Top of PROVIDED RECORDS

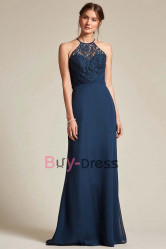 Dressy Dark Blue Halter Bridesmaids Dresses, Robes de demoiselle d'honneur BD-017-1
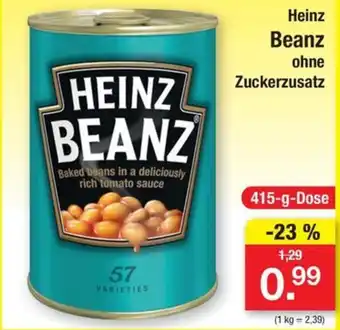 Zimmermann Heinz Beanz ohne Zuckerzusatz 415-g-Dose Angebot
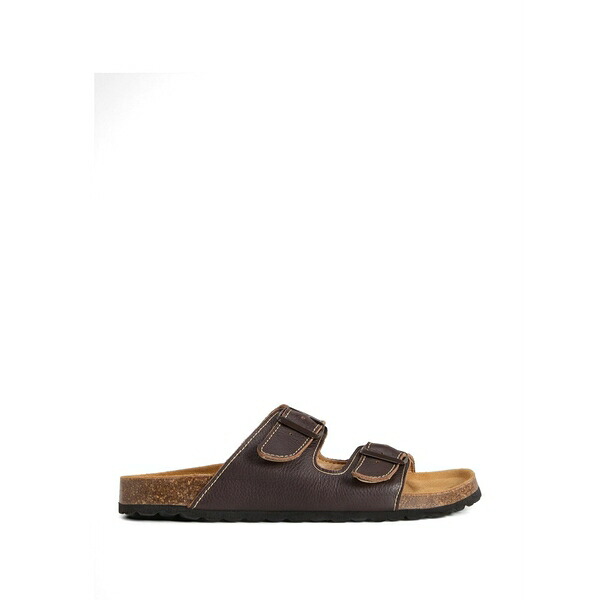 羊毛 資産家 メンズ サンダル シューズ Strap-details leather sandals Brown
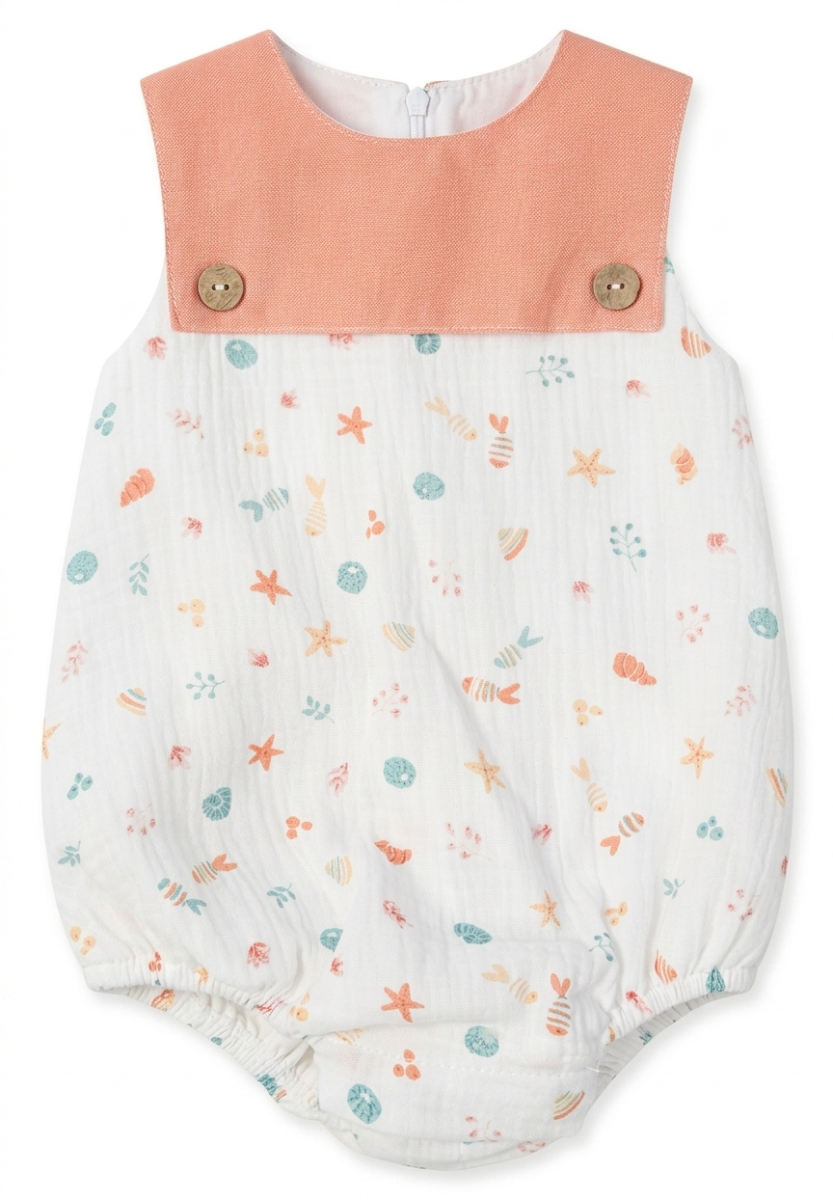 Pelele infantil para niño con motivos marinos color salmón – BBZ Creaciones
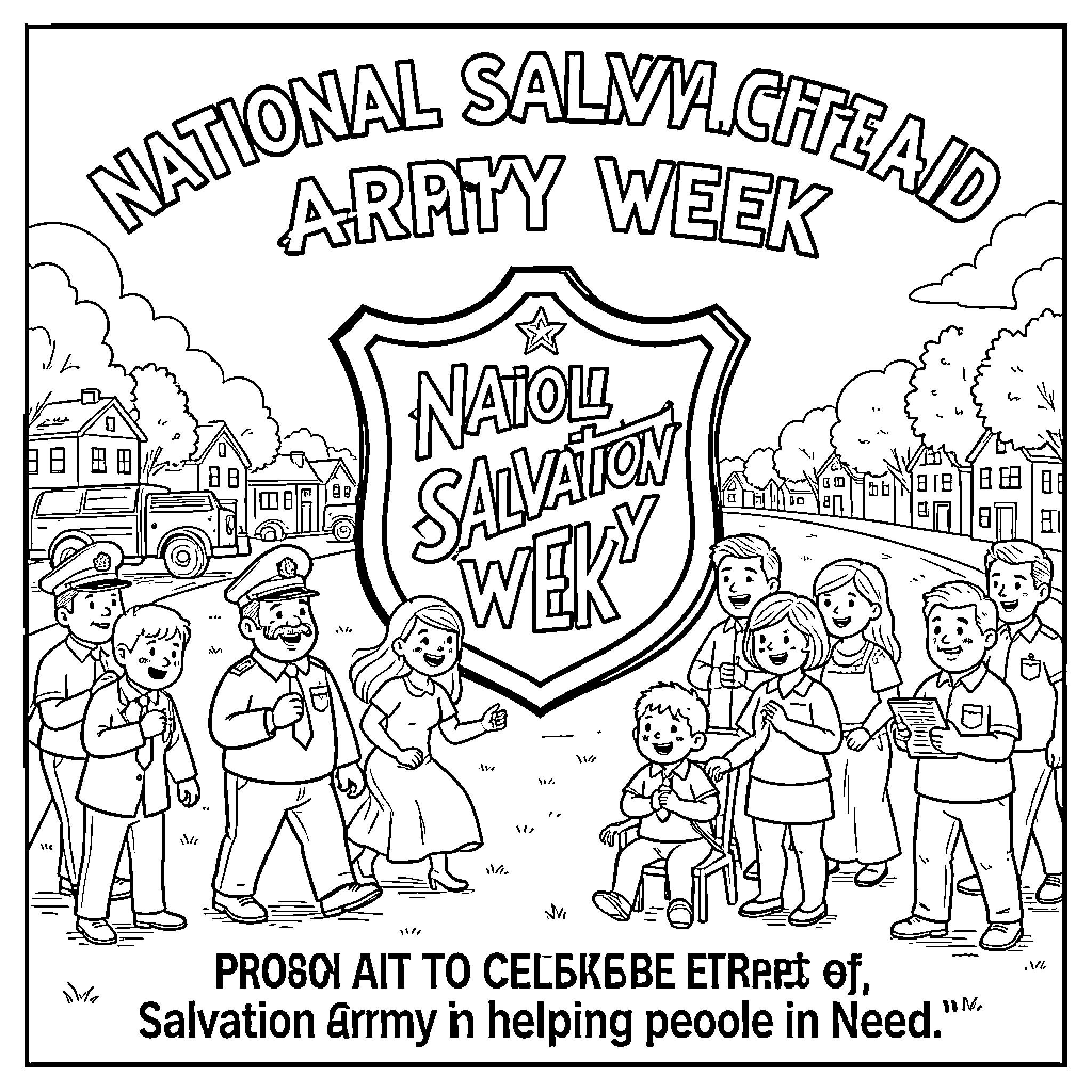 Salvation Army Celebrates National Salvation Army Week Coloring Page (free black-and-white line drawing printable PDF for all, from beginners to advanced learners, including children, teens, adults, and seniors)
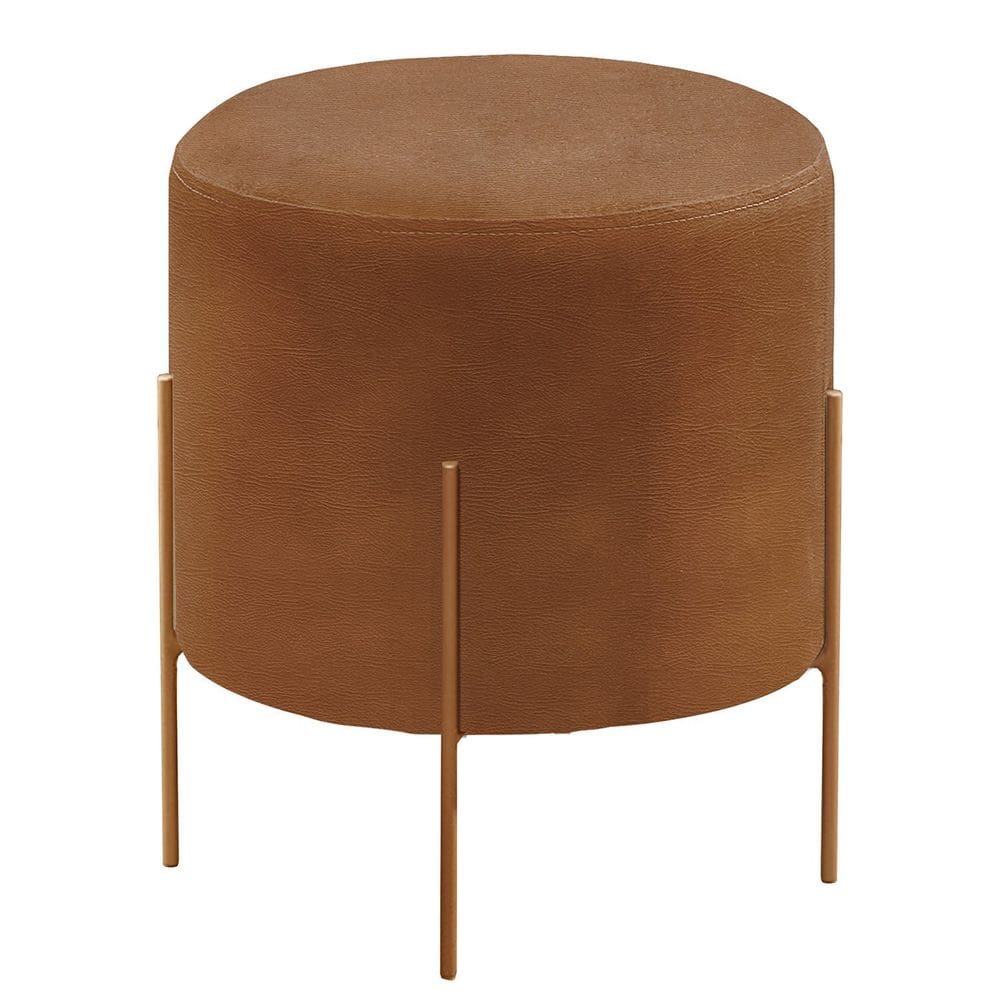 Puff Banqueta Estofado 48x40cm Luxo Odim Caramelo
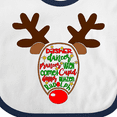 thumbnail image 4 of Inktastic Christmas Reindeer Face with Names and Red Nose Boys or Girls Baby Bib, 4 of 4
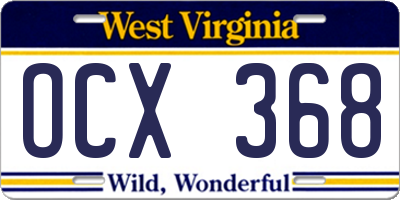 WV license plate OCX368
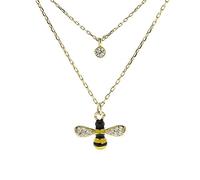 BDDCYWY Necklaces,925 Simple Cartoon Little Bee Crystal Double Necklace Women Light Birthday Party Jewelry Gift/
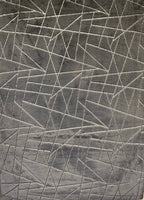 Charcoal Gray Faux Fur Rug With Metallic Silver Lines Rug/Carpet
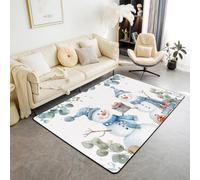 Manfei Joli tapis d'intérieur antidérapant et absorbant sur le thème de Noël avec motif de bonhomme de neige, feuilles aquarelles, 1,4 x 1,9 m (rectangulaire)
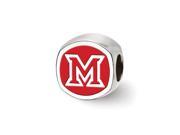 NCAA Sterling Silver Miami U Block M Cushion Shaped Logo Bead Charm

Bottom of PROVIDED RECORDS

• YOUR TASK: With images left out, the data must be transcribed exactly.

• EXERCISE RESPONSE:
 Dressy Dark Blue Halter Bridesmaids Dresses, Robes de demoiselle d'honneur BD-017-1
 Zimmermann Heinz Beanz ohne Zuckerzusatz 415-g-Dose Angebot
 羊毛 資産家 メンズ サンダル シューズ Strap-details leather sandals Brown
 Pelele infantil para niño con motivos marinos color salmón – BBZ Creaciones
 Salvation Army Celebrates National Salvation Army Week Coloring Page (free black-and-white line drawing printable PDF for all, from beginners to advanced learners, including children, teens, adults, and seniors)
 Puff Banqueta Estofado 48x40cm Luxo Odim Caramelo
 thumbnail image 4 of Inktastic Christmas Reindeer Face with Names and Red Nose Boys or Girls Baby Bib, 4 of 4
 WV license plate OCX368
 BDDCYWY Necklaces,925 Simple Cartoon Little Bee Crystal Double Necklace Women Light Birthday Party Jewelry Gift/
 Charcoal Gray Faux Fur Rug With Metallic Silver Lines Rug/Carpet
 Manfei Joli tapis d'intérieur antidérapant et absorbant sur le thème de Noël avec motif de bonhomme de neige, feuilles aquarelles, 1,4 x 1,9 m (rectangulaire)
 NCAA Sterling Silver Miami U Block M Cushion Shaped Logo Bead Charm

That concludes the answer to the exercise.